As cenas mostram o dia a dia da Cafeeira Santa Luzia de propriedade de um dos homens mais polêmicos da história de Maringá, Américo Dias Ferraz.

Vemos o "saqueiro" de café em côco atuando nas bicas da máquina:

Na sequência, um classificador de café preparando os grãos já torrados para a degustação e qualificação:

O leitor anônimo dá a contribuição - (...) a primeira máquina destinava-se ao benefício do café em côco (ainda existem essas maquinas e em funcionamento), com seus tipos saindo através das "bicas". Esse "saqueiro" (assim eram chamados) colocava os sacos em cada uma das "bicas" e acompanhava seu enchimento para depois serem pesados.

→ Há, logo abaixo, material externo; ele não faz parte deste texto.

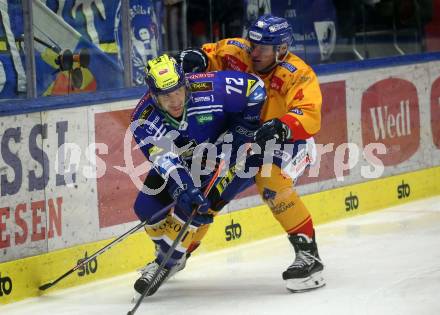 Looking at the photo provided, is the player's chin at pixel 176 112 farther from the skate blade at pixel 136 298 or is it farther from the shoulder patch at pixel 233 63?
the skate blade at pixel 136 298

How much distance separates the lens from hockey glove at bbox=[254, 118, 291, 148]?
16.9ft

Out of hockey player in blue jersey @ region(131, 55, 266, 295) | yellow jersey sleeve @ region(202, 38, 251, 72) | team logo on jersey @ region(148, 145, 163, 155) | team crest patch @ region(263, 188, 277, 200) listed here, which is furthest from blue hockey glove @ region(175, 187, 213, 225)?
yellow jersey sleeve @ region(202, 38, 251, 72)

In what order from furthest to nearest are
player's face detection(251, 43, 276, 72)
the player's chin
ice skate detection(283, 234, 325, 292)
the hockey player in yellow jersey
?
player's face detection(251, 43, 276, 72) → ice skate detection(283, 234, 325, 292) → the hockey player in yellow jersey → the player's chin

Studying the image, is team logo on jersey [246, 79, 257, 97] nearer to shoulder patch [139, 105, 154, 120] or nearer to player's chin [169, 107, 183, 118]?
player's chin [169, 107, 183, 118]

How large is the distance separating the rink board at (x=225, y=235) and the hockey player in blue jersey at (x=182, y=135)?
578 mm

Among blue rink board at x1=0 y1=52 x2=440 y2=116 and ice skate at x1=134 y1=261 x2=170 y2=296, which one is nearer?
ice skate at x1=134 y1=261 x2=170 y2=296

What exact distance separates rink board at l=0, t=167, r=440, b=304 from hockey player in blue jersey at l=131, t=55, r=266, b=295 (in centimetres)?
58

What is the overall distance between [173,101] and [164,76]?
136 millimetres

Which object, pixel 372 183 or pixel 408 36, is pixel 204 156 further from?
pixel 408 36

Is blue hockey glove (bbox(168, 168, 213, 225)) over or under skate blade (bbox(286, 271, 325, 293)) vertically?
over

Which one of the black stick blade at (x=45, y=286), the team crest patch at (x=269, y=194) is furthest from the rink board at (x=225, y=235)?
the team crest patch at (x=269, y=194)

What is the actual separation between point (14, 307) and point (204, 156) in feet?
3.96

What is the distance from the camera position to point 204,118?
5.39 metres

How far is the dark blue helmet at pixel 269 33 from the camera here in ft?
18.0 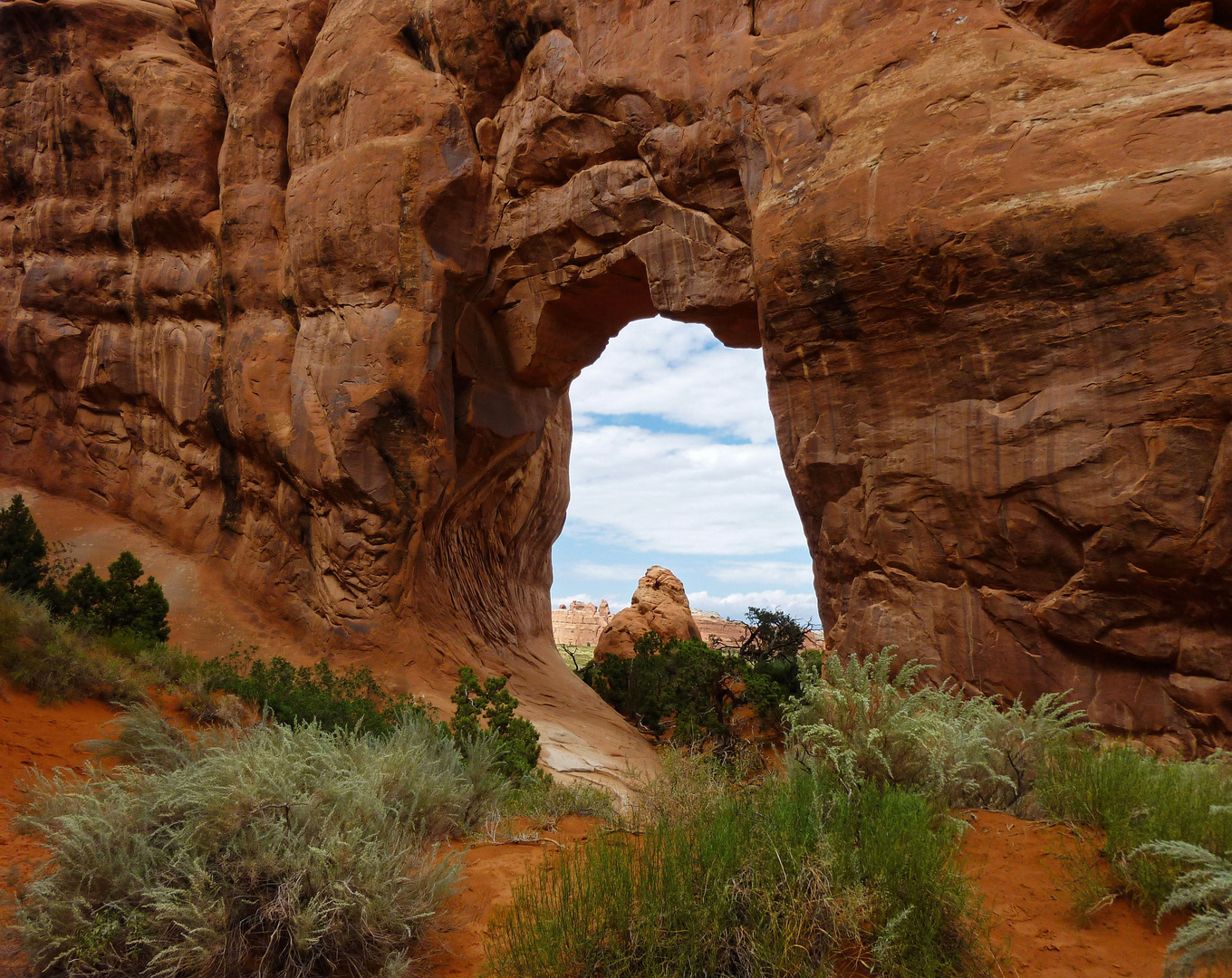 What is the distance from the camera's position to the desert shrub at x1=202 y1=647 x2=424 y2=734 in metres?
8.70

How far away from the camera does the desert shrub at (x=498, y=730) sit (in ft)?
24.7

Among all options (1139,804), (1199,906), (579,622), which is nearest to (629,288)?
(1139,804)

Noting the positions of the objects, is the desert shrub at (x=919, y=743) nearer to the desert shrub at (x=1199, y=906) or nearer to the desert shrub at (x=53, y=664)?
the desert shrub at (x=1199, y=906)

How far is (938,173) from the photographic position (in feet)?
25.1

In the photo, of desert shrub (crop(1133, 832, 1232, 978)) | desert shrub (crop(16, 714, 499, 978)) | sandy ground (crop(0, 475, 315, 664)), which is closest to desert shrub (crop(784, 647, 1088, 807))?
desert shrub (crop(1133, 832, 1232, 978))

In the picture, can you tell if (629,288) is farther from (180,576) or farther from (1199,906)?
(1199,906)

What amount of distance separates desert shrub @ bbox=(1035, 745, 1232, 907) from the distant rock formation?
56.0 meters

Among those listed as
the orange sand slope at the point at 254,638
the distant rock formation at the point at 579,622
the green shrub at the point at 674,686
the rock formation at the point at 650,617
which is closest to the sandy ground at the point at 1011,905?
the orange sand slope at the point at 254,638

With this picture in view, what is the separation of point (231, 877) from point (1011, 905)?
375cm

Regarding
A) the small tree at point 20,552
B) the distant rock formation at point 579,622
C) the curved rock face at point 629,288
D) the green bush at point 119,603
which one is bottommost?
the distant rock formation at point 579,622

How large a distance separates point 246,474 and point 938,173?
10.6m

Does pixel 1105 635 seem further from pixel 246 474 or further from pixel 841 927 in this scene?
pixel 246 474

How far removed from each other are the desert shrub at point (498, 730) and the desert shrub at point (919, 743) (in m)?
2.91

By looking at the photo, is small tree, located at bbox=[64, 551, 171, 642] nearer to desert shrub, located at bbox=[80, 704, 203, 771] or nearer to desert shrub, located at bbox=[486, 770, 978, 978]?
desert shrub, located at bbox=[80, 704, 203, 771] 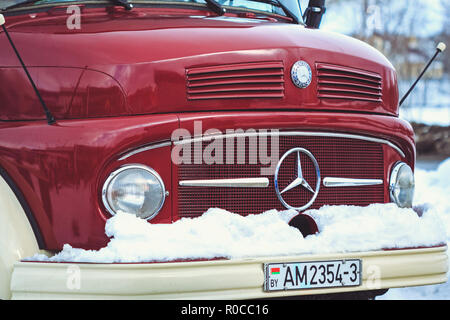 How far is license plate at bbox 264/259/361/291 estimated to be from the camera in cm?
251

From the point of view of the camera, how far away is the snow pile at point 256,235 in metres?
2.35

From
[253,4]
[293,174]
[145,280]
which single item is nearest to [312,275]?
[293,174]

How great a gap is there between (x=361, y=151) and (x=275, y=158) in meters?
0.52

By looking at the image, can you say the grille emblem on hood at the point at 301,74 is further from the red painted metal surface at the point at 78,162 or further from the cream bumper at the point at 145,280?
the cream bumper at the point at 145,280

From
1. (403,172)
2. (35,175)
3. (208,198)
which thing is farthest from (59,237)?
(403,172)

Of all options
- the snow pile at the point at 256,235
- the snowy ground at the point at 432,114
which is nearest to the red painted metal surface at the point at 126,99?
the snow pile at the point at 256,235

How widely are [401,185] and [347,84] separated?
2.01ft

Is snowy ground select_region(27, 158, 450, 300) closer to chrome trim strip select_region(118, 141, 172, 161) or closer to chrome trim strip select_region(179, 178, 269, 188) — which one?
chrome trim strip select_region(179, 178, 269, 188)

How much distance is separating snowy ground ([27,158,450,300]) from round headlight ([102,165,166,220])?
8 centimetres

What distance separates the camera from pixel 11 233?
2404 millimetres

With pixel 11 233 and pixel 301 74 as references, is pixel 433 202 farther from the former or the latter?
pixel 11 233

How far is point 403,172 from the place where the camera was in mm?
3213

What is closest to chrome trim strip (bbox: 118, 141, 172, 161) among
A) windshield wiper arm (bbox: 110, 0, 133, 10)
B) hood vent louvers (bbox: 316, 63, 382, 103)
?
hood vent louvers (bbox: 316, 63, 382, 103) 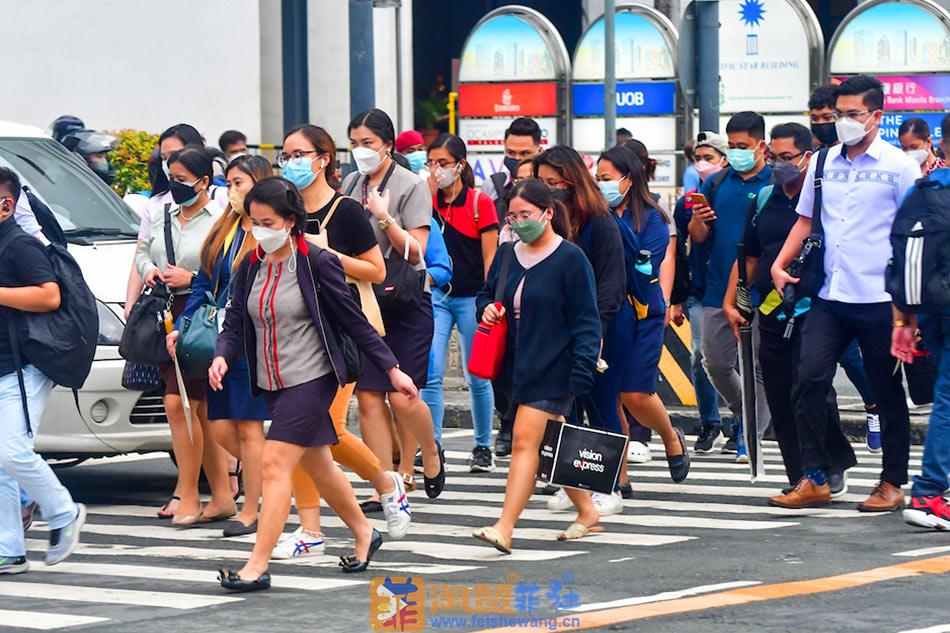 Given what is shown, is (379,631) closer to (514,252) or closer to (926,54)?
(514,252)

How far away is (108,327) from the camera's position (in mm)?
10672

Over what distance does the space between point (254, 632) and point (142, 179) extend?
12764 millimetres

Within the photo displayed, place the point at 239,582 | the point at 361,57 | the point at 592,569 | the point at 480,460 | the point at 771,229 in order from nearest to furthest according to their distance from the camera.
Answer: the point at 239,582
the point at 592,569
the point at 771,229
the point at 480,460
the point at 361,57

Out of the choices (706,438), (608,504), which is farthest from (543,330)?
(706,438)

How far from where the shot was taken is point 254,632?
6992mm

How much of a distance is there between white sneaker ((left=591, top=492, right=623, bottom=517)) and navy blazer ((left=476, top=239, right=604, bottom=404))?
4.06ft

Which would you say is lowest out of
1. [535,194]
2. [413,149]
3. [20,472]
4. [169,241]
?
[20,472]

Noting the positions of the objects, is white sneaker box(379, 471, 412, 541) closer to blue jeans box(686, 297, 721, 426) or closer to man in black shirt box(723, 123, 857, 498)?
man in black shirt box(723, 123, 857, 498)

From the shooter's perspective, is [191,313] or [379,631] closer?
[379,631]

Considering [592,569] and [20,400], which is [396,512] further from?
[20,400]

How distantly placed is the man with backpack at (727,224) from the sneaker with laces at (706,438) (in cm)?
95

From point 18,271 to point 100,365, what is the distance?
191 centimetres

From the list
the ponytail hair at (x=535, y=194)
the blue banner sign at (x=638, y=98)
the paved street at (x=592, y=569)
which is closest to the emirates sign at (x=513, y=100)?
the blue banner sign at (x=638, y=98)

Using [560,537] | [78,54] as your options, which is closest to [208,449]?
[560,537] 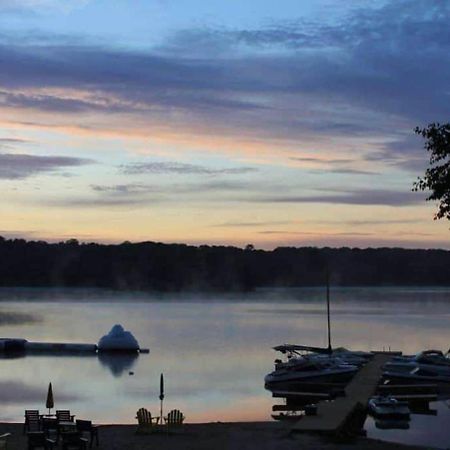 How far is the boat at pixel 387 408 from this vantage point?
30.1 metres

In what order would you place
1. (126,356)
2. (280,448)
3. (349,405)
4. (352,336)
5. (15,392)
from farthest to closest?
(352,336)
(126,356)
(15,392)
(349,405)
(280,448)

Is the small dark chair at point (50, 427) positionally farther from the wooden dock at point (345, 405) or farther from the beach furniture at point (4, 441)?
the wooden dock at point (345, 405)

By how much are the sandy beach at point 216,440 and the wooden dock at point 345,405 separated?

O Peso de cada um deveria ser de sessenta quilos. Já a máquina vista na segunda foto realmente mostra torradores (elétricos). Eram para análises. O café tinha um ponto de torrefação ao qual, depois, era acrescentado água quase fervendo para que um conhecedor de "bebida", na base da colher, pudesse fazer a análise do tipo proporcionado pelo lóte examinado. O resultado podia dar "café mole", "café duro" ou café riado. Tinha outros tipos. Algumas cafeeiras até embalavam e vendiam esse café, Mas, como não era inteiramente torrado (ficava só amarronzado) como conhecemos hoje, não servia para ser comercializado. Maringá tinha boas torrefações de café. a do Zé Café era uma delas. Também a do "Arlindo" era bem conhecida, ao lado das demais. Cheguei a fazer esse trabalho. Era muito dificil e sempre queimava a lingua. Um coisa terrível!!!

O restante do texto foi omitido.